What you will do - Restate word for word the part of the material that runs from the line containing "2020 Porsche Cayenne" through its final line, inclusive, minus the pictures.

Input data -
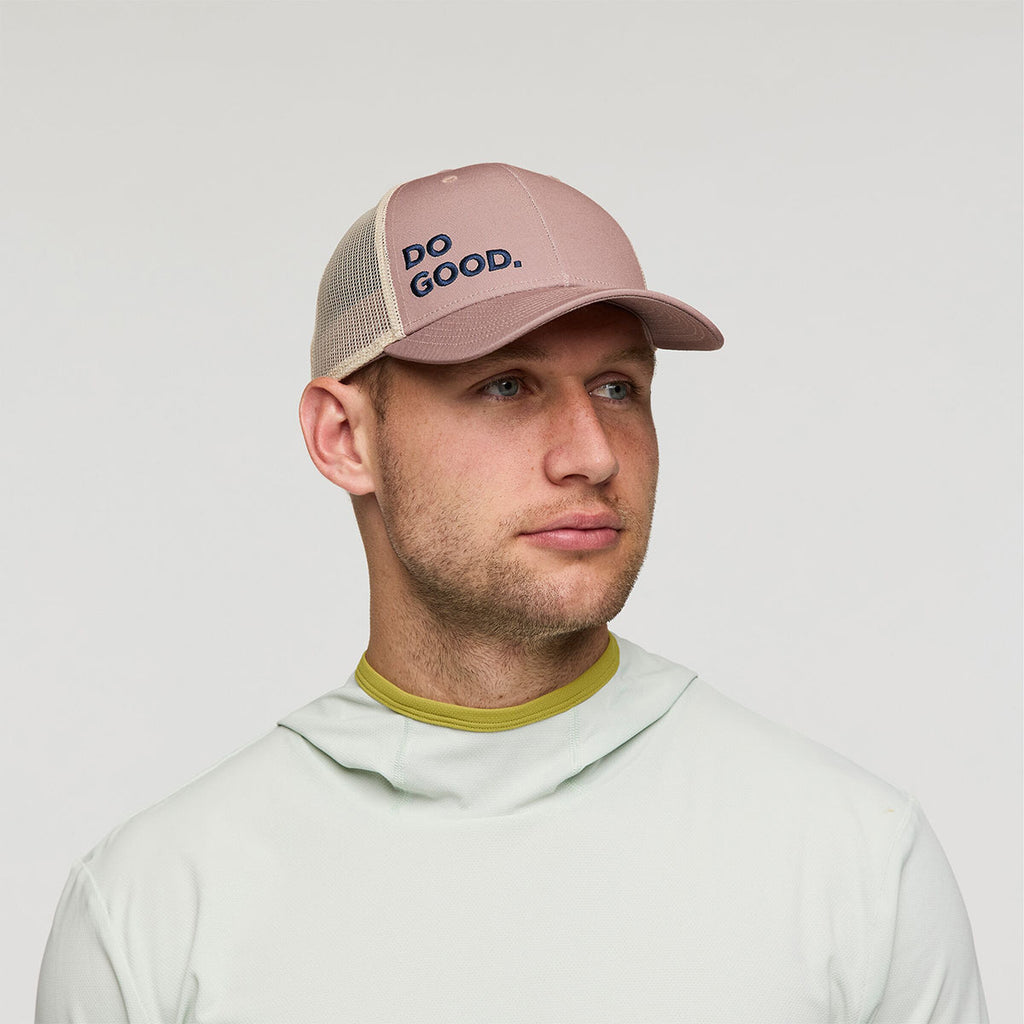 Cotopaxi Do Good Trucker Hat コトパクシ ドゥグッド トラッカーハット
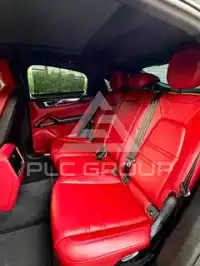 2020 Porsche Cayenne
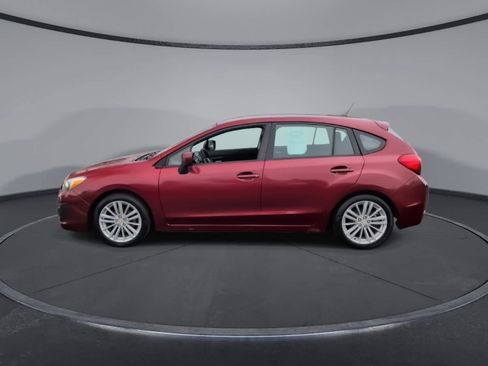 Used 2012 Subaru Impreza 2.0i Premium image 4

Solution for this task -
 2020 Porsche Cayenne
 Used 2012 Subaru Impreza 2.0i Premium image 4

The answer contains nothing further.